Is there a good way to list an ABD instead of a PhD on a resume?
January 31, 2013 6:36 PM Subscribe
About a decade ago, I had a quarter-life crisis and decided to drop out of grad school in science... how do I deal with that now?
I went to an Ivy League university and then a very prestigious grad school for chemistry. I spent about 3 years earnestly working towards a PhD, but the work seemed to become unrewarding and my prospects in academia looked bleak (I hit that 3rd year wall... really hard). I was mentoring an undergrad who was applying for grad schools and he came to me one day with a letter of recommendation from our PI -- and it was not glowing. It was actually the opposite of glowing. I was shocked. (This undergrad had gotten a "backup" letter of recommendation from another professor and used that one... but wanted to let me know what my own advisor thought of our work together.)
That was the data point in my mind that made me think that I really needed to quit and do something else. (Other grad students in this lab had quit before me, and I heard I wasn't the last one to quit after I left, either.)

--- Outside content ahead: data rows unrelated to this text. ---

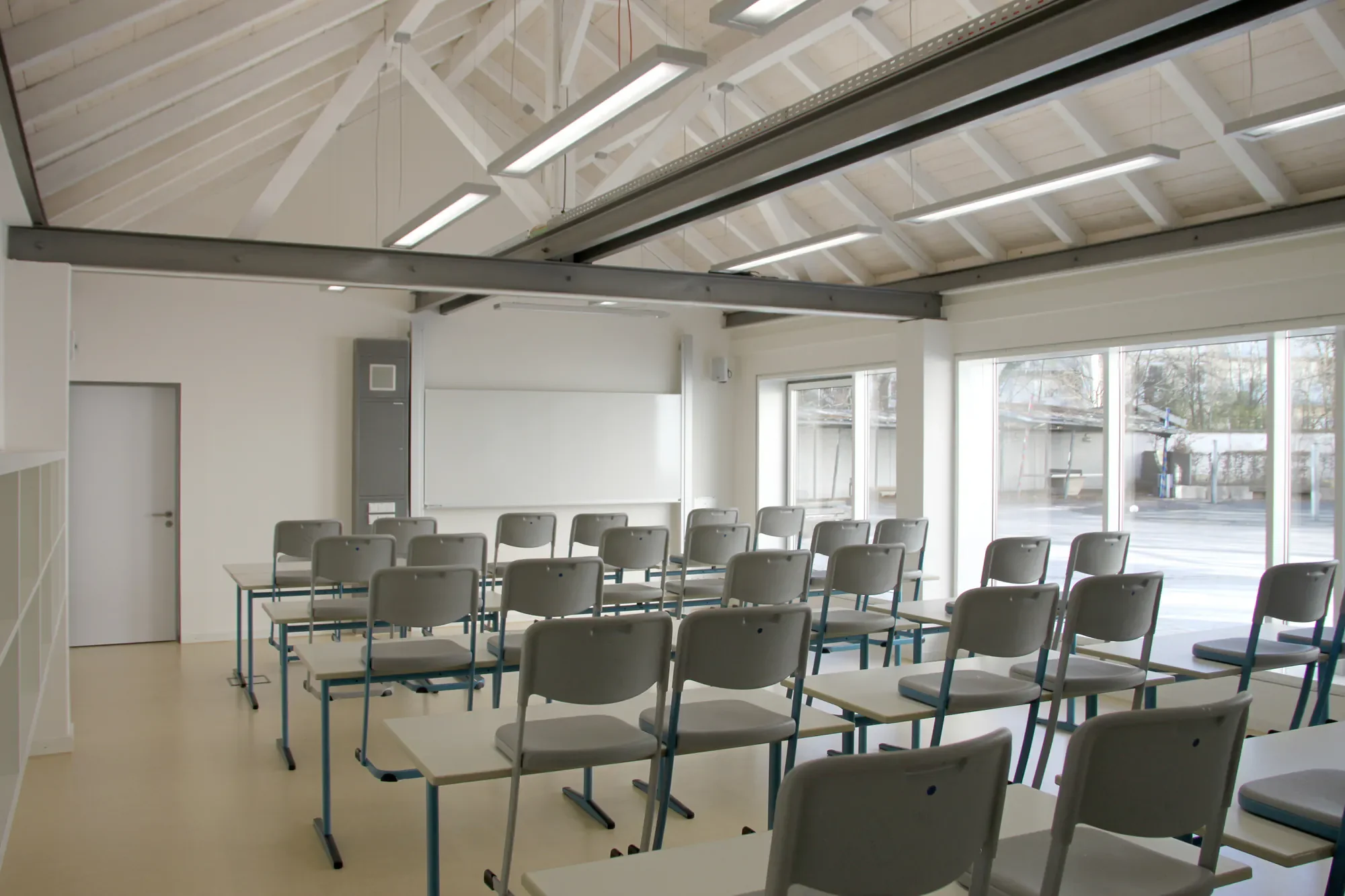 Leeres Klassenzimmer mit weißen Stühlen auf Tischen, große Fenster, strukturierte Decke mit Beleuchtung, Whiteboard und Sitzgelegenheiten.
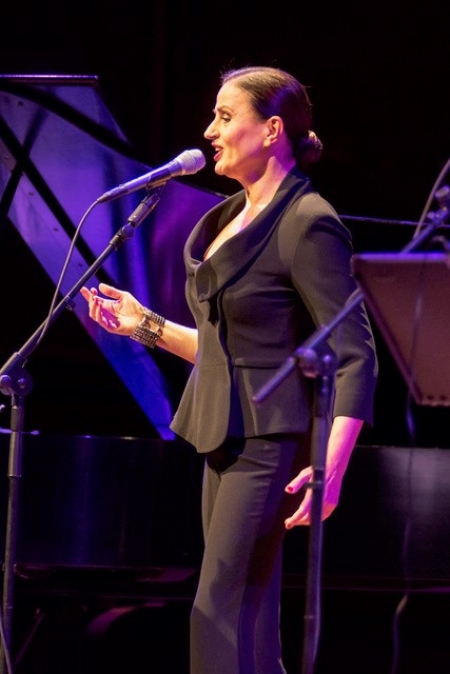 Karyofyllia Karabeti sings on stage in a black outfit
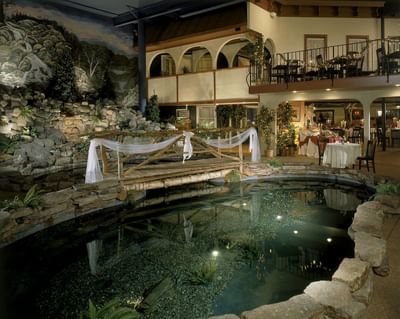 Koi pond with realistic rock outcroppings in courtyard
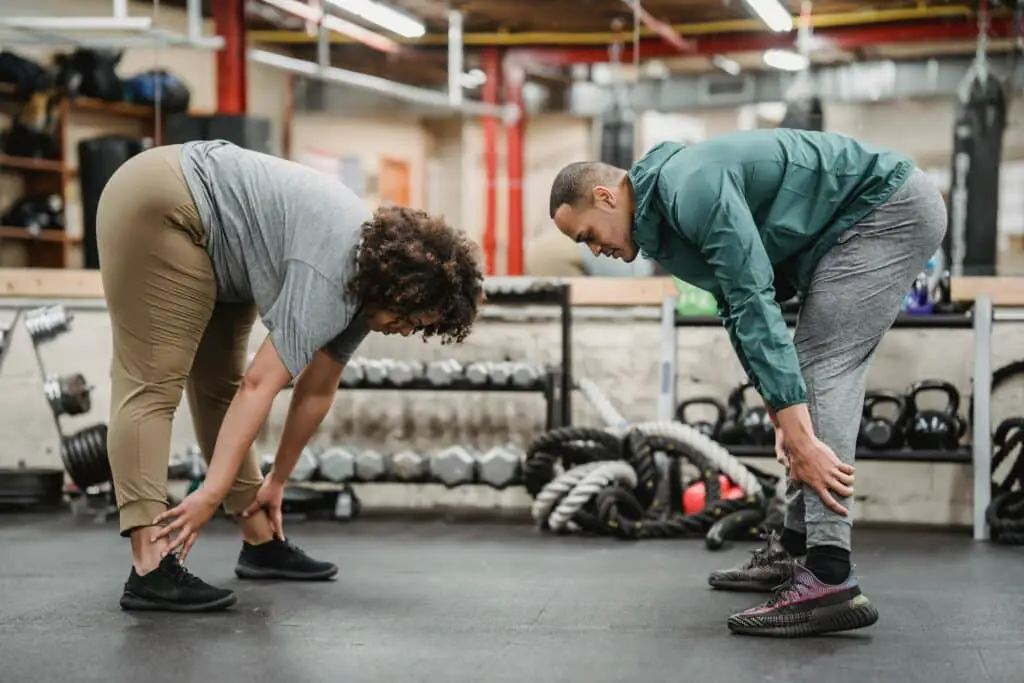 Title: 5 Natural Ways to Reduce Stress and Anxiety 3 A man and woman exercising in the gym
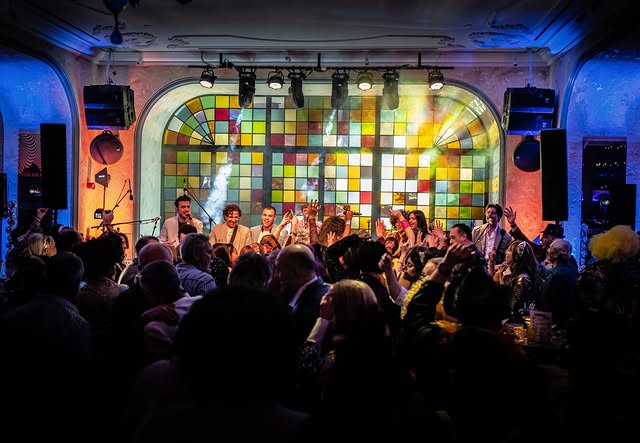 Dora Live Band performing at a stained glass venue in Amman, Jordan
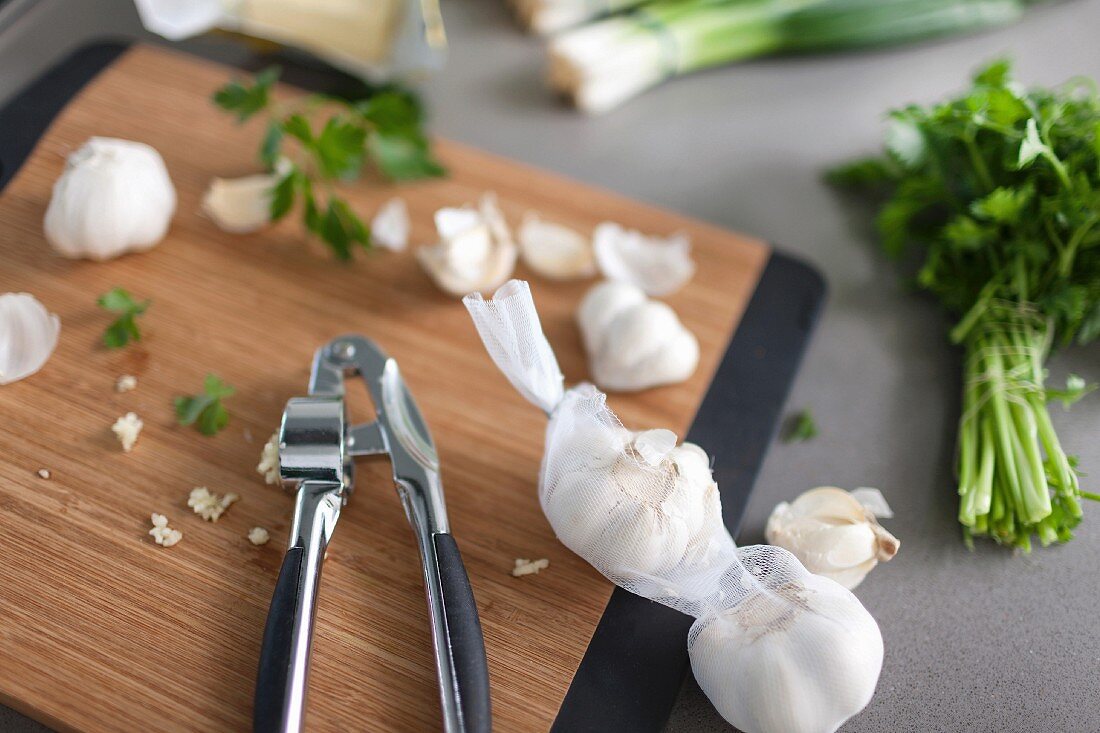 An elegant chopping board with a garlic press, garlic cloves and parsley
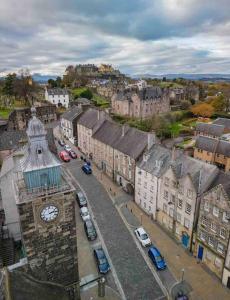 una città con torre dell'orologio e auto parcheggiate di Broad Street Stirling a Stirling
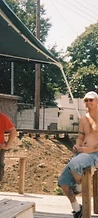 Two men posing on a wooden deck under a green canopy at JescoFest 2006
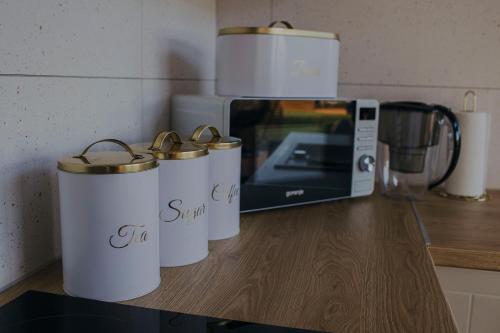 three mugs sitting on a counter next to a microwave at Chce się być in Ślesin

So I've been at a couple of jobs now, but I haven't really built a "career" in my mind. I may still be stuck in a mindset that I don't have any credentials to show that I'm a PhD-level employee. I don't really regret my somewhat rash decision to quit a PhD program (and I quit it totally, without getting the consolation master's degree). But I've take jobs so far, where I haven't needed to really demonstrate an advanced degree. And now I think it's time to try to move forward a bit more career-wise.

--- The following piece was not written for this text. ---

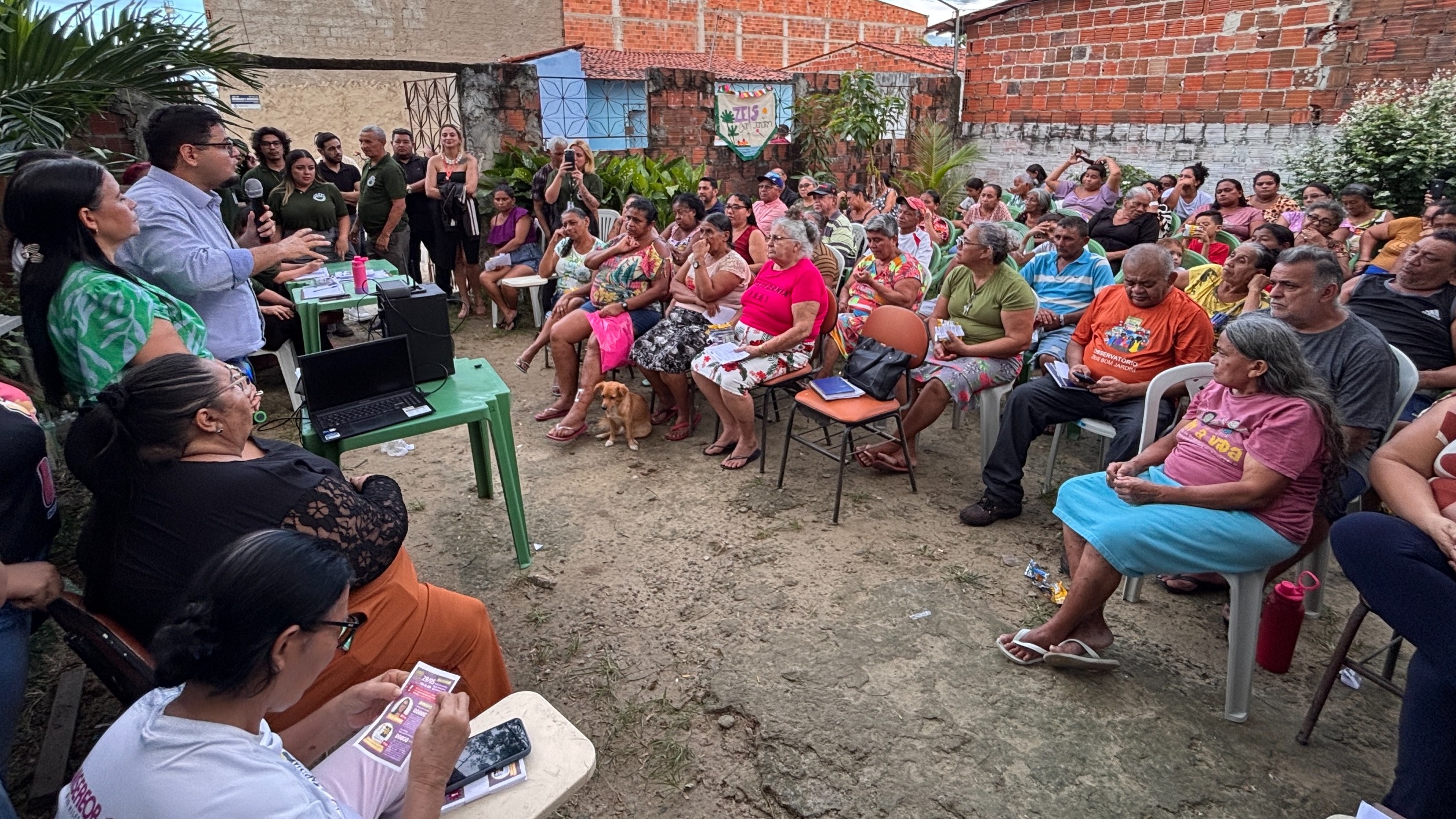 A imagem mostra uma reunião com moradores da comunidade. Eles estão sentados em um circulo ouvindo o secretário da Habitação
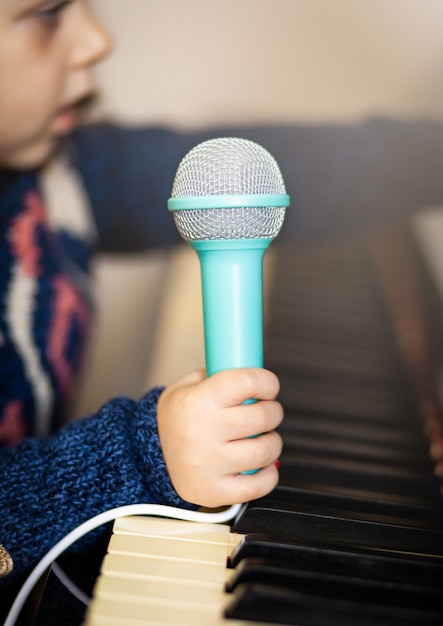 Microfone da criança da menina, do piano e do brinquedo.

I don't want to go back to school for anything. I just want to start exploring my employment options more, but I still haven't sorted out how to explain this non-PhD on a resume. Do I leave it off entirely? It's only 3 years of a PhD, after all. Is a 3 year gap right after college a no-no? Or do I leave it on my resume (and even list the publication that actually has my name on it, even though I didn't finish that work...)? How do I really explain the quitting to an interviewer in a way that doesn't sound like I'm blaming my advisor or that I'm prone to making rash decisions? (I wouldn't even call it a rash decision because I really did actively decide to quit my PhD program for the sake of my best emotional well-being at the time.)
Hive-mind, let me know if there's a way to sweep this under the rug now that it's a decade old... or help me figure out a way to explain my situation that.. presents me in the most favorable way to someone who doesn't know me at all.
Thanks in advance.
posted by lostguy to work & money (18 answers total) 9 users marked this as a favorite
When I see resumes that list 'ABD' and the person isn't in the process of completing the degree right now, I definitely look at them differently.